- #1

Thomas_

- 21

- 0

## Homework Statement

Determine the field at the center of curvature of an arc of arbitary angle [tex]\alpha[/tex]

([tex]\alpha[/tex] is with the x-axis)

## Homework Equations

[tex]E=\frac{kQ}{R^2}\widehat{r}[/tex]

[tex]S=R\alpha[/tex]

[tex]\lambda=\frac{Q}{S}[/tex]

## The Attempt at a Solution

I divide the arc into small pieces ds. [tex]ds=rd\alpha[/tex]

[tex]\lambda = \frac{dQ}{ds}[/tex]

This gives me: [tex]dE = \frac{k\lambda d \alpha}{R}\widehat{r}[/tex]

I would have to integrate this / its components (X and Y)

the solution I'm given is: [tex]E_y=\frac{2k \lambda sin(\frac{\alpha}{2})}{R}[/tex]
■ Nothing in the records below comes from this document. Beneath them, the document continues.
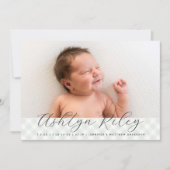 Sweet Green Gingham Patroon Geboorte Aankondiging (Voorkant)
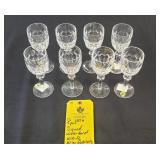 8 PIECES SIGNED WATERFORD WHITE WINE GOBLETS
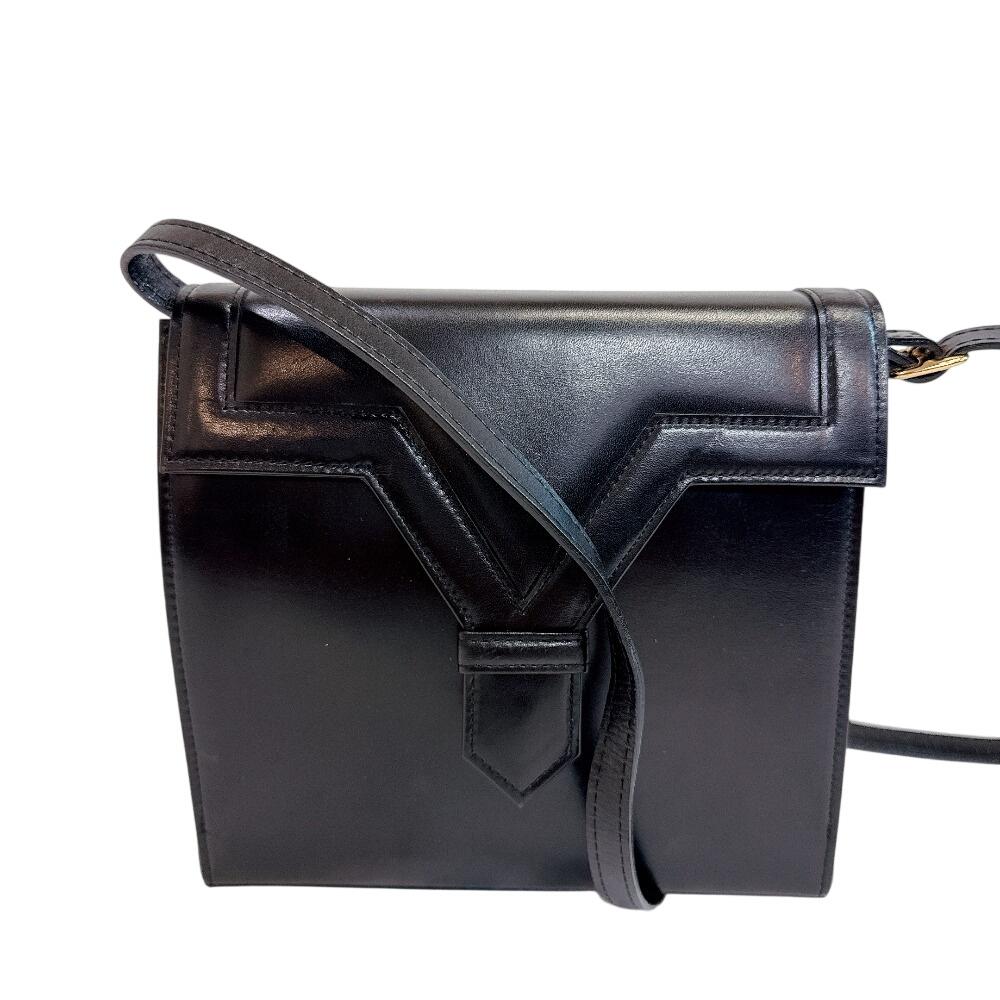 SAINT LAURENT vintage leather Shoulder Bag black leather Used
However, I don't understand the following: Why is there only a solution for Y? As far as I can tell the X components don't cancel since its an arc of arbitrary length, not a half or full circle. Also, shouldn't the Y component be in terms of cos? The angle alpha is with the X axis, I don't understand why E_y would be in terms of sin (since it become cos after integration).

Thank you!